About this exercise: Copy exactly the last part of the entries, starting from the line with "Bishops and Rooks" and including the final line.

Data for review:
==========

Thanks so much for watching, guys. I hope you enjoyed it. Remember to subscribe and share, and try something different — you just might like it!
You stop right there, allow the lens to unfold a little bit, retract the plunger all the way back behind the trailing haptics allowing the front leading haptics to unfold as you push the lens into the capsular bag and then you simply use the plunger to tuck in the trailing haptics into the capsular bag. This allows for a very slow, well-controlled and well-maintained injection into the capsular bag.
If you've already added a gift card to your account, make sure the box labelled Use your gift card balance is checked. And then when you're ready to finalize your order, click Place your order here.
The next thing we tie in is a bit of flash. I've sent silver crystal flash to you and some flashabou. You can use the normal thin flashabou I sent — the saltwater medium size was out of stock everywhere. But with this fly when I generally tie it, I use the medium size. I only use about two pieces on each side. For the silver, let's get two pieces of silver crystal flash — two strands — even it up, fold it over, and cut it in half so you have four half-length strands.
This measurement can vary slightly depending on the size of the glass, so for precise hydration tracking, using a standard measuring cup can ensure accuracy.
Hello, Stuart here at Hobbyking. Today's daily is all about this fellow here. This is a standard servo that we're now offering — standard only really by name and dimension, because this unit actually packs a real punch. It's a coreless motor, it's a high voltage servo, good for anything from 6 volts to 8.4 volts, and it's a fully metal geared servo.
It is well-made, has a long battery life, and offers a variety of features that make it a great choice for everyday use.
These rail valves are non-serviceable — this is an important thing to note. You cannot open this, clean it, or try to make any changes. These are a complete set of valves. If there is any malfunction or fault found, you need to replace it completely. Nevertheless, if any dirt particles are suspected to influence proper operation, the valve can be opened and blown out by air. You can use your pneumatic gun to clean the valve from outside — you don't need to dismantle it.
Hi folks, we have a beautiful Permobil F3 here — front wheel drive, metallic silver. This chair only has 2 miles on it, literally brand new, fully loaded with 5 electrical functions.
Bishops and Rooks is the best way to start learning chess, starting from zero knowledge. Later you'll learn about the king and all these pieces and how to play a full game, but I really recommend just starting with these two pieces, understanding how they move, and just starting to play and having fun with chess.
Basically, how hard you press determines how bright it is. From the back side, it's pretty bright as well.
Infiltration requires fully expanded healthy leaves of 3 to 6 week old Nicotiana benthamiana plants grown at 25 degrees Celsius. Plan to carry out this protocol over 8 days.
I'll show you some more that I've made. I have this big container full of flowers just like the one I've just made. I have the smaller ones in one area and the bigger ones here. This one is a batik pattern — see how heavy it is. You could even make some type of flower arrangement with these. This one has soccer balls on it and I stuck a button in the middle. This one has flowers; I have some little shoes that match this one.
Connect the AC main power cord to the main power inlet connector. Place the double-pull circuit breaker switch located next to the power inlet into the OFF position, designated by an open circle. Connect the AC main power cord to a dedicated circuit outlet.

==========

Result of this exercise:
Bishops and Rooks is the best way to start learning chess, starting from zero knowledge. Later you'll learn about the king and all these pieces and how to play a full game, but I really recommend just starting with these two pieces, understanding how they move, and just starting to play and having fun with chess.
Basically, how hard you press determines how bright it is. From the back side, it's pretty bright as well.
Infiltration requires fully expanded healthy leaves of 3 to 6 week old Nicotiana benthamiana plants grown at 25 degrees Celsius. Plan to carry out this protocol over 8 days.
I'll show you some more that I've made. I have this big container full of flowers just like the one I've just made. I have the smaller ones in one area and the bigger ones here. This one is a batik pattern — see how heavy it is. You could even make some type of flower arrangement with these. This one has soccer balls on it and I stuck a button in the middle. This one has flowers; I have some little shoes that match this one.
Connect the AC main power cord to the main power inlet connector. Place the double-pull circuit breaker switch located next to the power inlet into the OFF position, designated by an open circle. Connect the AC main power cord to a dedicated circuit outlet.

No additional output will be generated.